Cette solution s’impose puisque, selon l’article L1233-3 du Code du travail, seul un motif non lié à la personne du salarié peut revêtir un caractère économique :
« Constitue un licenciement pour motif économique le licenciement effectué par un employeur pour un ou plusieurs motifs non inhérents à la personne du salarié résultant d’une suppression ou transformation d’emploi ou d’une modification, refusée par le salarié, d’un élément essentiel du contrat de travail, consécutives notamment (…) ».
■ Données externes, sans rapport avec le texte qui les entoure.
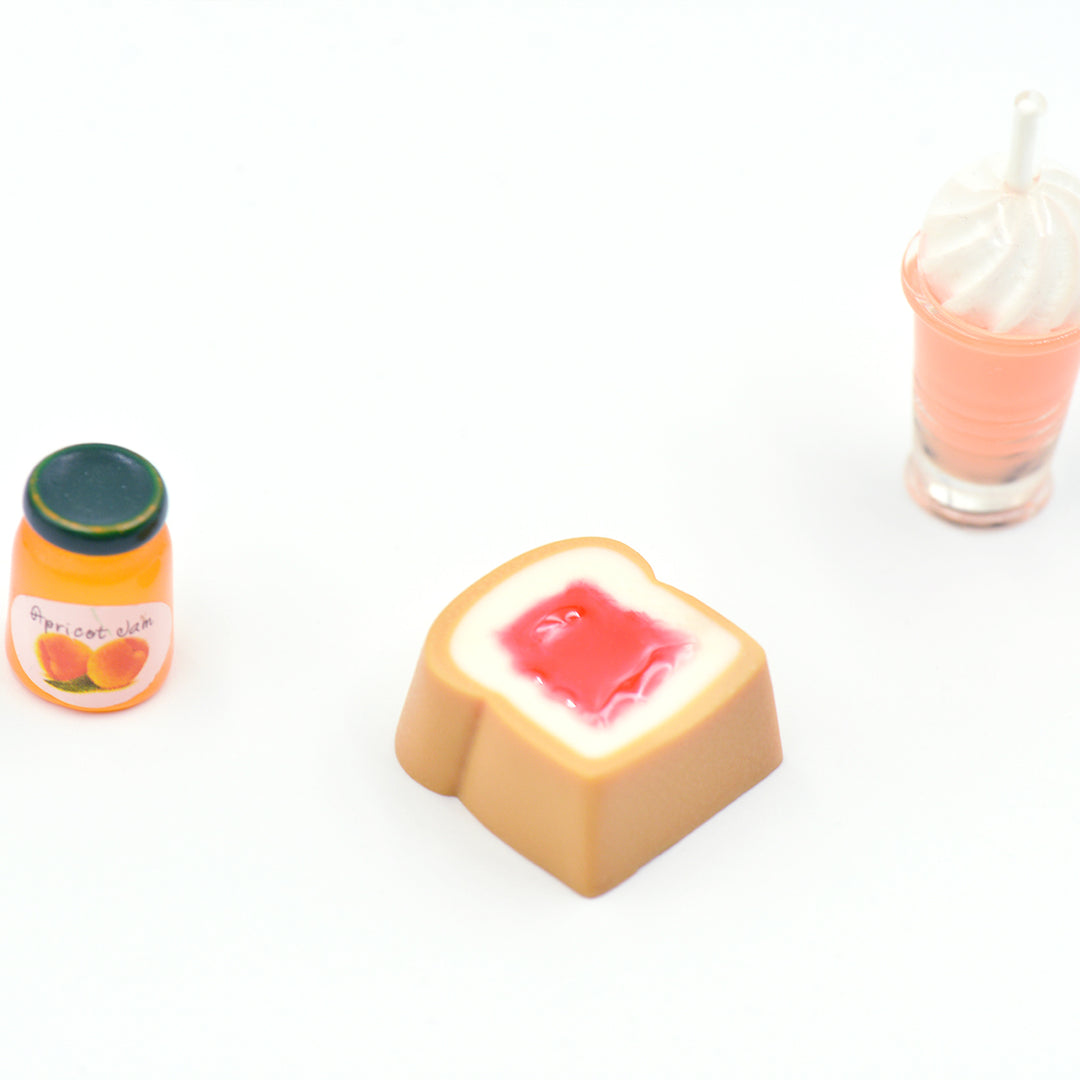 [CLOSED][GB] LOBU CAP Novelty Breakfast toast resin artisan keycap MX ...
A titre d’exemple, est sans cause réelle et sérieuse le licenciement d’un ingénieur commercial pour absence de résultat et non-respect de la politique commerciale ayant contribué fortement à la baisse de l’activité de l’entreprise et à la suppression de son poste dans le cadre d’une restructuration, dès lors que les griefs personnels ont été, en l’espèce, prépondérants [9].
Par ailleurs, dans un arrêt du 8 février 2023 [10], la Cour de cassation a jugé que lorsque le salarié a été déclaré inapte par le médecin du travail, les dispositions d’ordre public des articles L1226-2 et L1226-2-1 du Code du travail font obstacle à ce que l’employeur prononce un licenciement pour un motif autre que l’inaptitude, même s’il a engagé antérieurement une procédure de licenciement pour une autre cause (en l’espèce, une faute lourde).
La Cour de cassation avait déjà jugé que l’employeur ne peut pas licencier pour motif économique un salarié déclaré physiquement inapte à son emploi sans méconnaître les dispositions du Code du travail [11].
Par exception, est valable le licenciement pour motif économique d’un salarié déclaré inapte, par une entreprise cessant son activité et n’appartenant pas à un groupe [12].